The point of this blog is that I had no idea who the student was or what class he was in. I searched through the grading rosters of my courses looking for his name but did not find it. So, part of my response to him was to ask him to tell me what class he is in because I could not find his name on my roster.
The student sent me a reply telling me what class he was in and gave me what I thought was his first and last name. I looked through my roster for the class and still did not see his name listed. I also checked his email address, but that did not help either. I sent him another email explaining that I could not find his name on the roster and asked if he was sure he is in my class. His reply was yes, but he goes by his middle name.
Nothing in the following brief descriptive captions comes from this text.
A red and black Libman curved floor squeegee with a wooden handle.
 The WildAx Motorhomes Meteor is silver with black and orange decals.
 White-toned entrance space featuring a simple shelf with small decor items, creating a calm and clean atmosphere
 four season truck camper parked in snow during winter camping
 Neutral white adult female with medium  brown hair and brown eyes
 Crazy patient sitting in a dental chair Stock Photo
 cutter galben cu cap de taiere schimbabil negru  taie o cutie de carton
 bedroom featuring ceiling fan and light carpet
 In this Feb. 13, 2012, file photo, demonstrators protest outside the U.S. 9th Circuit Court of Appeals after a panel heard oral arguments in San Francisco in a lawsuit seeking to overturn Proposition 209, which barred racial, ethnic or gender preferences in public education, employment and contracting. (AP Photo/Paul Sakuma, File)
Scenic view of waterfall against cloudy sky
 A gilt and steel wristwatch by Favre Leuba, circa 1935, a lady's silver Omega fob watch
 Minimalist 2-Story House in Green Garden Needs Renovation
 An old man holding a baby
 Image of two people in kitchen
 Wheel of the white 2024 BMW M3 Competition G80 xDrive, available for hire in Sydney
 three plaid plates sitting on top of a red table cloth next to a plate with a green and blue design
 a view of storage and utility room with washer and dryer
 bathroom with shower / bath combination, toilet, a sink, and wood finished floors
Ok, I can deal with that; I have a lot of students who do this. Again, I looked for his last name on my roster. Not there. I sent him another email explaining that I needed to verify who he is for privacy’s sake before I could discuss any particulars of our course. In his next email, he told me he uses a fake name in his email address to protect his privacy and finally gave me his last name. I thanked him for telling me who he is and told him I would do my best to address him by his middle name.
There are so many things that we assume students understand about taking an online course and identifying themselves in an email is one that I thought was obvious. I can understand a student not mentioning what class they are in. They do not think about someone like me who teaches multiple courses at three different schools. But I can’t tell you how many times I receive an email message from someone identifying themselves as a student in my class, but their name appears nowhere on my grading roster. I guess I am going to have to add that to my list of things I mention in my orientation video. In addition to asking them to identify the class they are in, I also need to ask them to identify his or herself with the name they used to register for our course.
Am I the only one that has issues with this?